Once-Daily Antihypertensive Dosing Associated with Better Blood Pressure Control Than Multi-Dose Regimens for Most Medication Classes

April 14, 2026
Dual-Team Study
Team A:Kersten Bartelt, RNEric Barkley
Team B:Jeff Trinkl, MDNicholas Volker

Key Findings

  • Patients prescribed multiple doses per day of ACE inhibitors, ARBs, or calcium channel blockers were less likely to achieve blood pressure control compared to those prescribed once-daily regimens of the same medication classes.
  • Differences in blood pressure control between dosing frequencies emerged as early as 30 days after the prescription started and persisted through 180 days.
  • Beta blockers, which were the only class commonly prescribed with multiple doses per day, showed slight improvement in early blood pressure control, though no significant difference was seen at 90 to 180 days.

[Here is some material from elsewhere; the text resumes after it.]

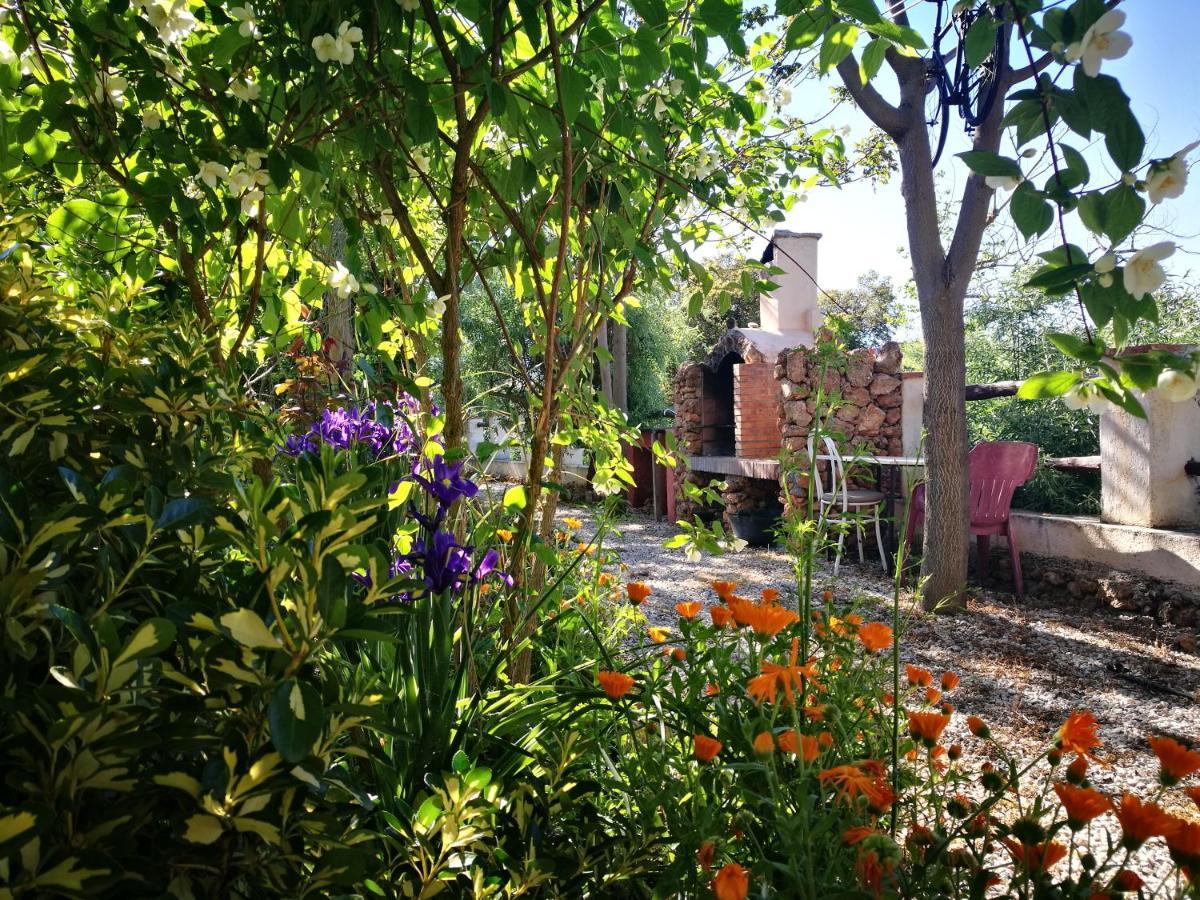 Cortijo Los Soledad El Sauco 외부 사진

Hypertension affects nearly half of U.S. adults and remains poorly controlled in many cases, which increases cardiovascular risk and healthcare costs.1 Medication adherence is a critical factor in achieving blood pressure control, and dosing frequency is a known driver of adherence. Studies have demonstrated that patients are significantly more adherent to once-daily cardiovascular medications compared to twice-daily dosing.2,3 However, the relationship between dosing frequency and blood pressure outcomes by antihypertensive medication class is less understood. We aimed to understand whether the association between dosing frequency and blood pressure control varied across the four major first-line antihypertensive classes: ACE inhibitors, ARBs, calcium channel blockers, and beta blockers.

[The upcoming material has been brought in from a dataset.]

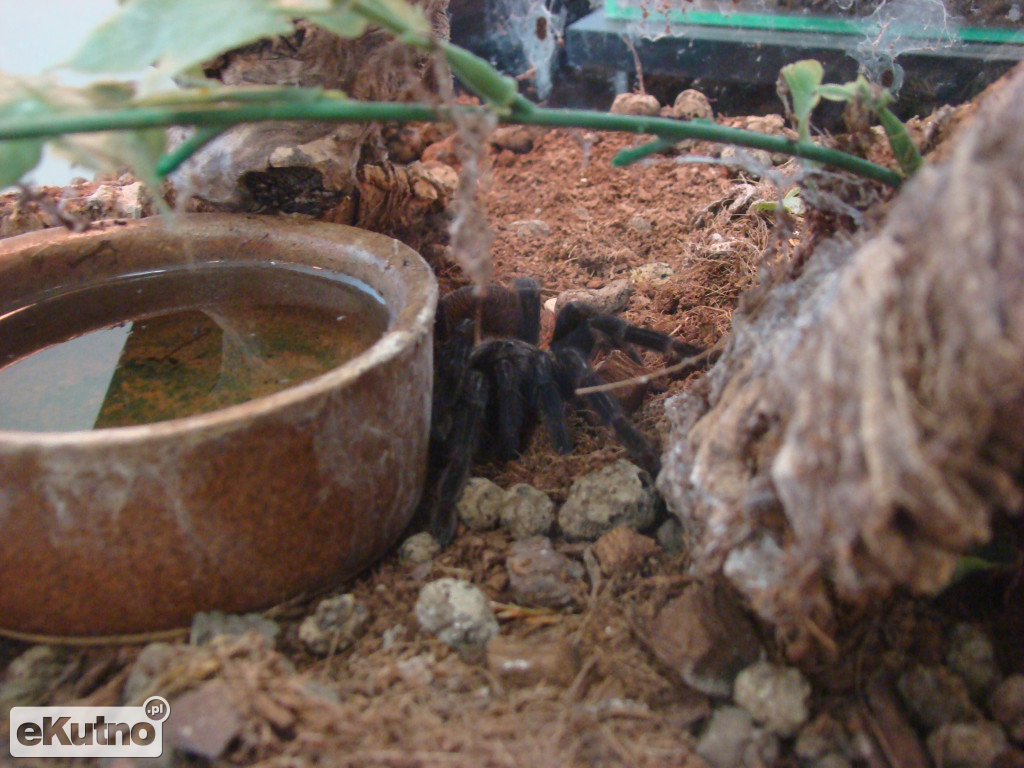 Pająki nie takie straszne jak je malują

We studied more than 1 million adults newly treated for essential hypertension between January 1, 2017, and June 30, 2025, after a series of elevated blood pressure readings. We excluded patients with secondary hypertension, those who were pregnant, and those with prior antihypertensive medication use. We compared the likelihood of achieving controlled blood pressure (systolic blood pressure at or below 140 mmHg) at 30 to 59 days, 60 to 89 days, and 90 to 180 days between patients prescribed once-daily versus multi-dose regimens. We accounted for demographics, social vulnerability based on most recent ZIP code, and baseline systolic blood pressure.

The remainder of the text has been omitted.